Problem to solve
Repeat only the lines below that run from the line with "Multicolored skull-patterned Browning" to the line with "Luxury Gold Chenille", ends included; skip every picture.

Entries provided
- Opening Delimiter -

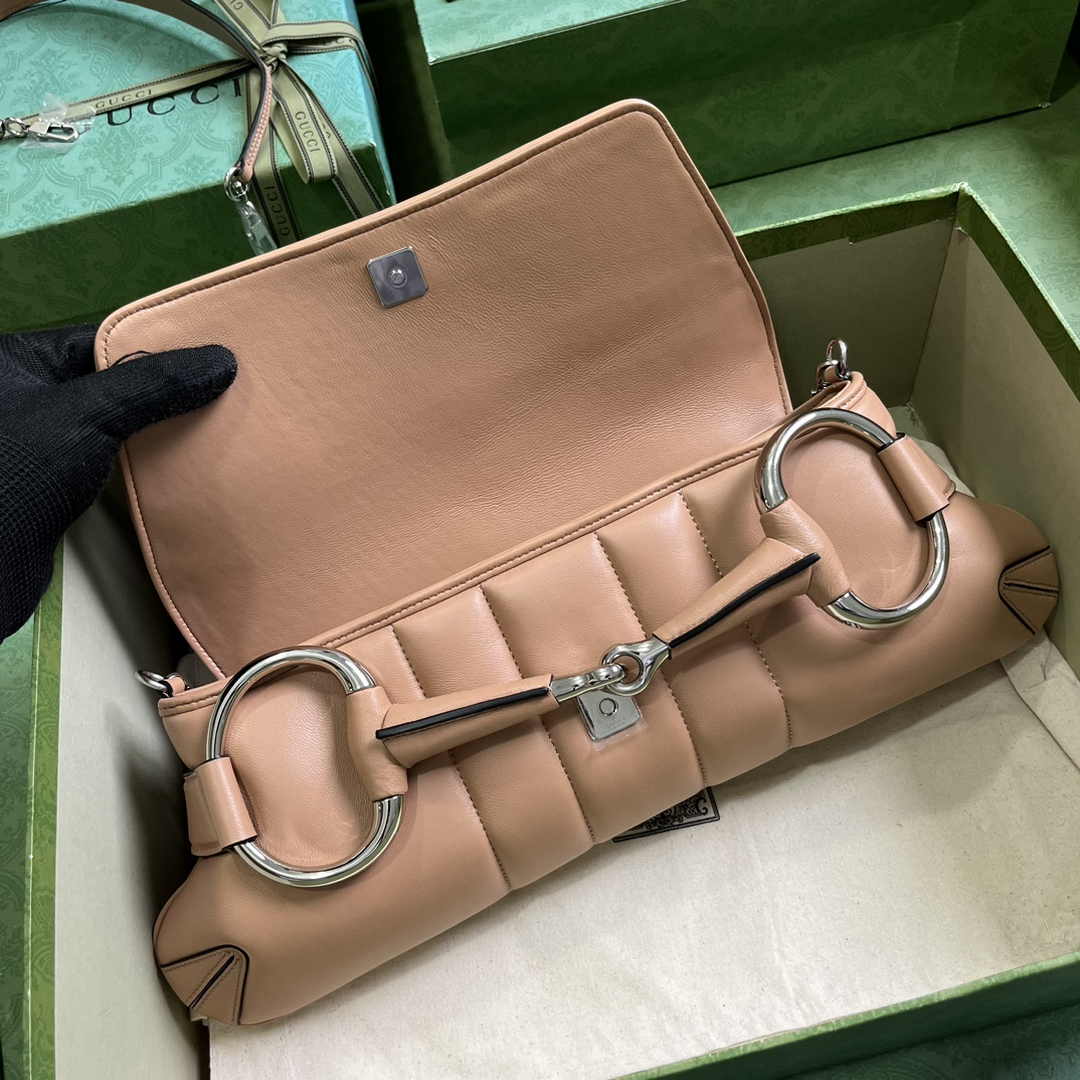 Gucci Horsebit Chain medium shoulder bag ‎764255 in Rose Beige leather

- Closing Delimiter -
- Opening Delimiter -

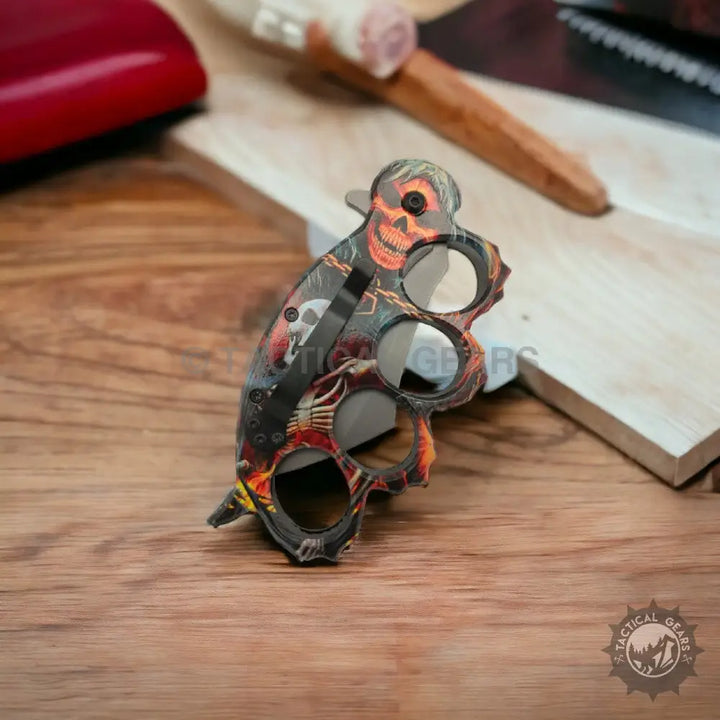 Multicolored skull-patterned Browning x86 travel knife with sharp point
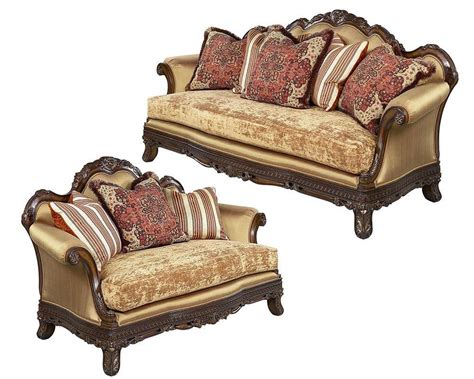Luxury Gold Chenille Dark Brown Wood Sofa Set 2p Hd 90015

- Closing Delimiter -
- Opening Delimiter -

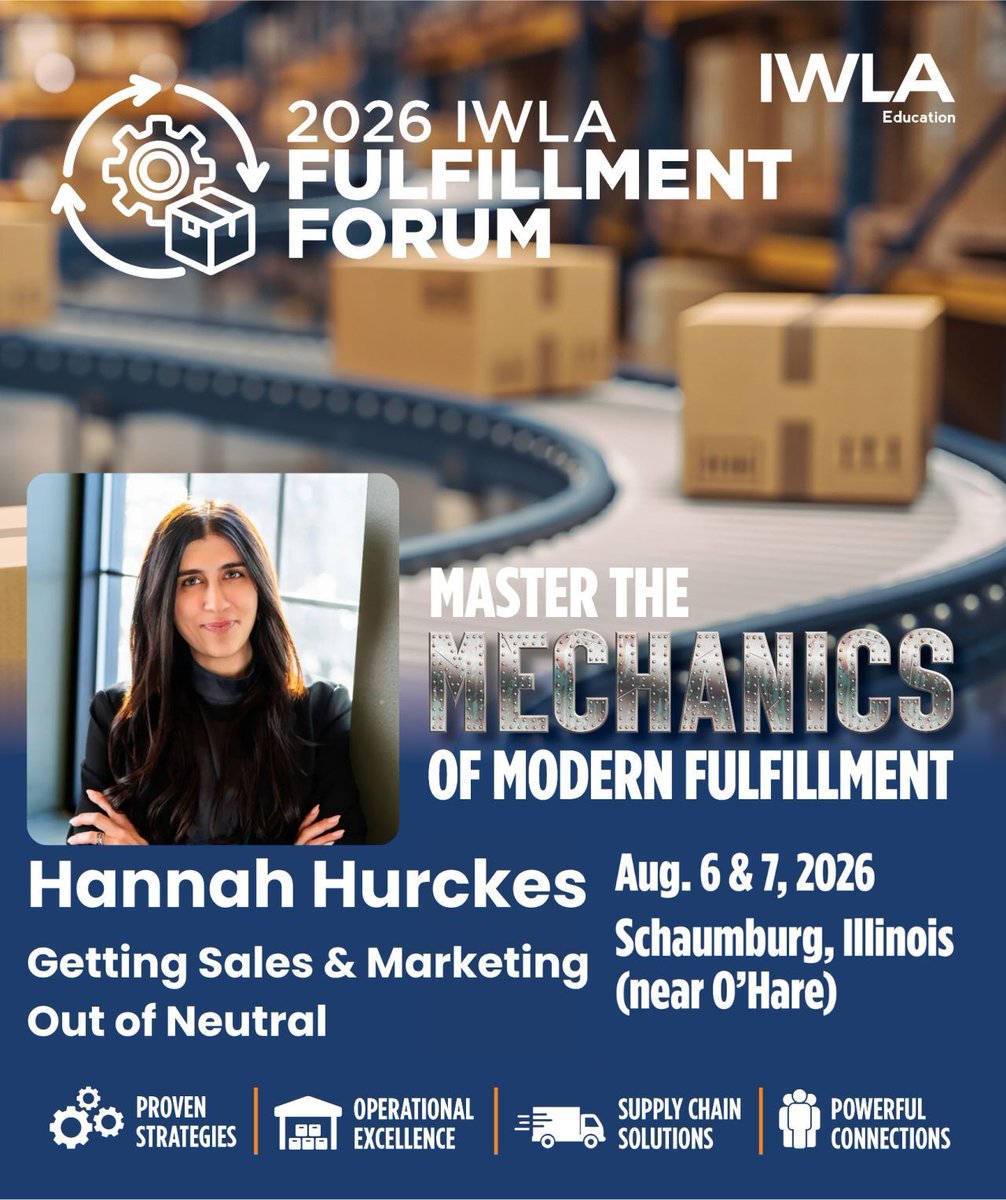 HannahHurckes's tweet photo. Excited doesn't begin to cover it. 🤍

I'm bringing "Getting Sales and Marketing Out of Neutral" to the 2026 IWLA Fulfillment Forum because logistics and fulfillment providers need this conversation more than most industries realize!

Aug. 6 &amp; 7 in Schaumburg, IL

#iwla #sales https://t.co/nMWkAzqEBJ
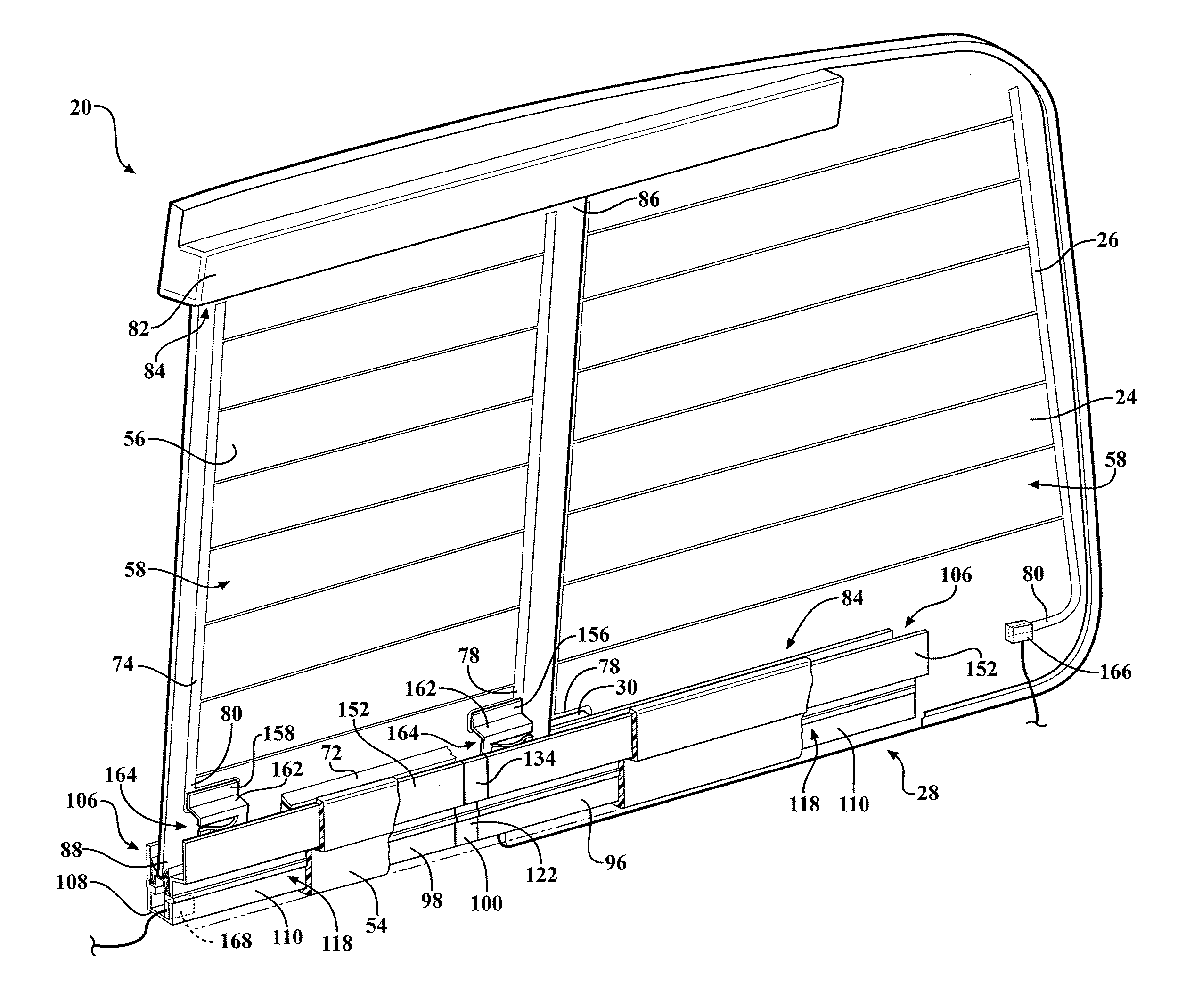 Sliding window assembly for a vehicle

- Closing Delimiter -

Worked solution
 Multicolored skull-patterned Browning x86 travel knife with sharp point
Luxury Gold Chenille Dark Brown Wood Sofa Set 2p Hd 90015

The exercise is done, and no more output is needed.